As a media student at the time, I was also able to look at my work objectively and see how sexual stereotypes quickly crept into it despite my firm feminist stance. I noticed how women, in both fictional or real sexual scenarios, often fell back to being more performative and less interactive during sex for the pleasure of their male partners, and their climax was never emphasised as much as the man’s. In such a case, you can only blame “the media” and its influence for their skewed portrayals before you realise that you’re part of the problem too. I did bring it up with Veera but I also had to pick my battles. All the protagonists I was asked to write about were able-bodied, the men always muscular and the women always dainty yet voluptuous. It was, as a former Victoria’s Secret executive framed it, “less about reality and more about selling the fantasy”.
Over time, my relationship with Veera also evolved. She began to trust me more, she’d ask me to write plotlines, so I could let my imagination run wild. She indicated that there was an interest in supernatural themes, so I concocted a vampire story and a gay werewolf story too. Imagining how a dragon shape-shifter would have sex? I couldn’t believe I was getting paid to write this! I never did end up reading any of the stories after they were published, because Veera insisted on keeping the ghostwriters and the credited writers apart. I also began editing others’ stories and eventually helped Veera hire more people after going through hundreds of badly written sex stories (there was a mention of biting a clit, that’s all I’m going to say).
A friend who also worked with Veera often expressed her concern: “She looks so old and frail, what if she just dies one day and doesn’t pay us?” For the most part though, Veera was consistent with her payments and feedback, and never forgot to wish me during different festivals.

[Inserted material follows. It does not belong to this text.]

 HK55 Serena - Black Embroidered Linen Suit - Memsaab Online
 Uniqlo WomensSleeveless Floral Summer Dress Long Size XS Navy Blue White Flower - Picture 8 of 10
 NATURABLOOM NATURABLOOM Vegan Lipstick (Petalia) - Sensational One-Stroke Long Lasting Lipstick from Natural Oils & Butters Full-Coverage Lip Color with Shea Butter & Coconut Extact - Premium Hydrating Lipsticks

After college ended, I moved back home to find a job, this work kept me afloat — all under the garb of “content writing”. Eventually, I moved to a full-time position, which I couldn’t balance the erotica writing anymore. I still remember Veera asking me to quickly proofread a piece in 2018, which happened to be her last message to me. I promptly responded, but she hasn’t replied since. (Veera, if you’re reading this, you still owe me Rs 500 for that!) That radio silence marked the end of the line for me as an erotica writer.